Divison of Endocrinology, Diabetes and Metabolism, University of California, Davis, USA.
Department of Orthopedic Surgery, University of California, Davis, USA.
Osteoporos Int. 2023 Mar;34(3):551-561. doi: 10.1007/s00198-022-06624-3. Epub 2022 Dec 29.
Osteoporosis care in men is suboptimal due to low rates of testing and treatment. Applying biomechanical computed tomography (BCT) analysis to existing CT scans, we found a high proportion of men with osteoporosis have never been diagnosed or treated. BCT may improve identification of patients at high risk of fracture.
Osteoporosis care in men is suboptimal due to low rates of DXA testing and treatment. Biomechanical computed tomography analysis (BCT) can be applied "opportunistically" to prior hip-containing CT scans to measure femoral bone strength and hip BMD.
In this retrospective, cross-sectional study, we used BCT in male veterans with existing CT scans to investigate the prevalence of osteoporosis, defined by hip BMD (T-score ≤ - 2.5) or fragile bone strength (≤ 3500 N). 577 men, age ≥ 65 with abdominal/pelvic CTs performed in 2017-2019, were randomly selected for BCT analysis. Clinical data were collected via electronic health records and used with the femoral neck BMD T-score from BCT to estimate 10-year hip fracture risks by FRAX.
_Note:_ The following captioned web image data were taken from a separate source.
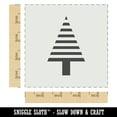 thumbnail image 2 of Striped Pine Woodland Tree DIY Cookie Wall Craft Stencil - 4.5 Inch, 2 of 5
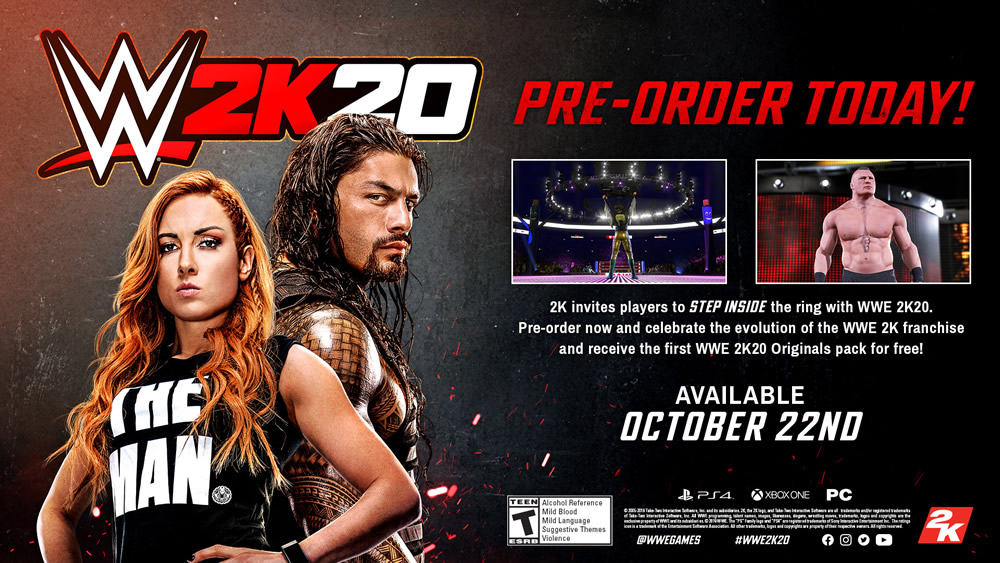 Screenshot zu WWE 2K20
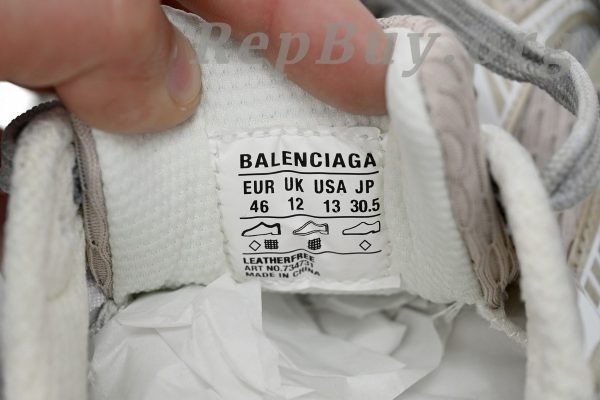 Balenciaga 3XL Sneaker Cham Pagne 734731 W3XL4 9191 - 图片 8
Prevalence of osteoporosis by BCT increased with age (13.5% age 65-74; 18.2% age 75-84; 34.3% age ≥ 85), with an estimated overall prevalence of 18.3% for men age ≥ 65. In those with osteoporosis (n = 108/577), only 38.0% (41/108) had a prior DXA and 18.6% (7/108) had received osteoporosis pharmacotherapy. Elevated hip fracture risk by FRAX (≥ 3%) did not fully capture those with fragile bone strength. In a multivariate logistic regression model adjusted for age, BMI, race, and CT location, end stage renal disease (odds ratio 7.4; 95% confidence interval 2.3-23.9), COPD (2.2; 1.2-4.0), and high-dose inhaled corticosteroid use (3.7; 1.2-11.8) were associated with increased odds of having osteoporosis by BCT.
Opportunistic BCT in male veterans provides an additional avenue to identify patients who are at high risk of fractures.
由于 DXA 检测和治疗率低,男性骨质疏松症的护理效果并不理想。生物力学计算机断层扫描分析(BCT)可“偶然”应用于先前包含髋部 CT 扫描的图像,以测量股骨骨强度和髋部 BMD。
在这项回顾性、横断面研究中,我们使用 BCT 分析了 2017 年至 2019 年间进行腹部/盆腔 CT 检查的年龄≥65 岁的男性退伍军人中骨质疏松症的患病率,骨质疏松症的定义为髋部 BMD(T 评分≤-2.5)或脆弱骨强度(≤3500 N)。随机选择 577 名年龄≥65 岁、有腹部/盆腔 CT 检查结果的男性进行 BCT 分析。通过电子健康记录收集临床数据,并结合 BCT 中股骨颈 BMD T 评分,使用 FRAX 估计 10 年髋部骨折风险。
BCT 检测的骨质疏松症患病率随年龄增长而增加(65-74 岁年龄组为 13.5%;75-84 岁年龄组为 18.2%;≥85 岁年龄组为 34.3%),估计年龄≥65 岁的男性总体患病率为 18.3%。在骨质疏松症患者中(n=108/577),仅有 38.0%(41/108)有 DXA 检查,18.6%(7/108)接受过骨质疏松症药物治疗。FRAX(≥3%)计算的髋部骨折风险并未完全捕捉到骨强度脆弱的患者。在调整年龄、BMI、种族和 CT 部位的多变量逻辑回归模型中,终末期肾病(优势比 7.4;95%置信区间 2.3-23.9)、COPD(2.2;1.2-4.0)和高剂量吸入皮质类固醇的使用(3.7;1.2-11.8)与 BCT 检测骨质疏松症的几率增加相关。
在男性退伍军人中偶然进行 BCT 可提供另一种途径来识别骨折风险较高的患者。